Scrapes Peter Larsson's website Alltime Athletics. Check out my blog to see how this data can be visualized.
The latest data frame can be found here as a csv, or here in parquet format. Or run
import pandas as pd
df = pd.read_csv(
"https://media.githubusercontent.com/media/thomascamminady/alltime_athletics_python/main/dataframes/latest_version_alltime_athletics.csv"
)
As an example, here are the women's world record performances (as of 2023-06-12), sorted by the date of the world record.

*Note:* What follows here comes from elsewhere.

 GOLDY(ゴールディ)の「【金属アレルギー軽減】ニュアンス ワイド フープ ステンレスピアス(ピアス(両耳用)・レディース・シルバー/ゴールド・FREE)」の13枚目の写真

event | name | result | date of event | |
---|---|---|---|---|
0 | 800 metres | Jarmila Kratochvílová | 1:53.28 | 1983-07-26 |
1 | 400 metres | Marita Koch | 47.60 | 1985-10-06 |
2 | 100 metres | Florence Griffith-Joyner | 10.49 | 1988-07-16 |
3 | 200 metres | Florence Griffith-Joyner | 21.34 | 1988-09-29 |
4 | 60 metres | Irina Privalova | 6.92 | 1993-02-11 |
5 | 3000 metres | Wang Junxia | 8:06.11 | 1993-09-13 |
6 | 60 metres | Irina Privalova | 6.92 | 1995-02-09 |
7 | 10 km race walk | Yelena Nikolayeva | 41:04 | 1996-04-20 |
8 | 1000 metres | Svetlana Masterkova | 2:28.98 | 1996-08-23 |
9 | 5000 metres track walk | Gillian O'Sullivan | 20:02.60 | 2002-07-14 |
10 | 2 Miles | Meseret Defar | 8:58.58 | 2007-09-14 |
11 | 20 km race walk | Yelena Lashmanova | 1:23:39 | 2018-06-09 |
12 | 3000m steeplechase | Beatrice Chepkoech | 8:44.32 | 2018-07-20 |
13 | 300 metres | Shaunae Miller-Uibo | 34.41 | 2019-06-20 |
14 | 1 Mile | Sifan Hassan | 4:12.33 | 2019-07-12 |
15 | 2000m steeplechase | Gesa Felicitas Krause | 5:52.80 | 2019-09-01 |
16 | marathon | Brigid Kosgei | 2:14:04 | 2019-10-13 |
17 | 15km road | Letesenbet Gidey | 44:20 | 2019-11-17 |
18 | 50 km race walk | Yelena Lashmanova | 3:50:42 | 2020-09-05 |
19 | 10000 metres | Letesenbet Gidey | 29:01.03 | 2021-06-08 |
20 | 2000 metres | Francine Niyonsaba | 5:21.56 | 2021-09-14 |
21 | half-marathon | Letesenbet Gidey | 62:52 | 2021-10-24 |
22 | 20km road | Letesenbet Gidey | 59:46+ | 2021-10-24 |
23 | 10km road | Yalemzerf Yehualaw | 29:14 | 2022-02-27 |
24 | 400m hurdles | Sydney McLaughlin-Levrone | 50.68 | 2022-07-22 |
25 | 100m/110m hurdles | Oluwatobiloba Amusan | 12.12 | 2022-07-24 |
26 | 30km road | Ruth Chepngetich | 1:34:01+ | 2022-10-09 |
27 | 1500 metres | Faith Kipyegon | 3:49.11 | 2023-06-02 |
28 | 5000 metres | Faith Kipyegon | 14:05.20 | 2023-06-09 |
You would get this table by using polars
and running
import polars as pl
df = pl.read_csv(
"https://media.githubusercontent.com/media/thomascamminady/alltime_athletics_python/main/dataframes/latest_version_alltime_athletics.csv"
)
(
df.filter(pl.col("rank") == 1)
.filter(pl.col("sex") == "female")
.select("event", "name", "result", "date of event")
.sort("date of event")
)
If you have cloned the source code, you can run
poetry run python alltime_athletics_python/app.py
If you installed this package from PyPI, run
from alltime_athletics_python.io import download_data
download_data()
Note that download_data()
reads data from Alltime Athletics AS IS. You will definitely need to do some postprocessing.
To read the processed data, run
from alltime_athletics_python.io import import_running_only_events
df = import_running_only_events("./data")
To set up the project, simply run
make init
This tool does not take credit for the amazing effort by Peter Larsson, who compiles Alltime Athletics. Alltime Athletics is an amazing collection of track and field results with a lot of work that must have gone into it. Thank you, Peter Larsson.
The only functionality that this tool provides is to have an easier way to read data from Alltime Athletics.
This package was created with Cookiecutter and thomascamminady/cookiecutter-pypackage, a fork of the audreyr/cookiecutter-pypackage project template.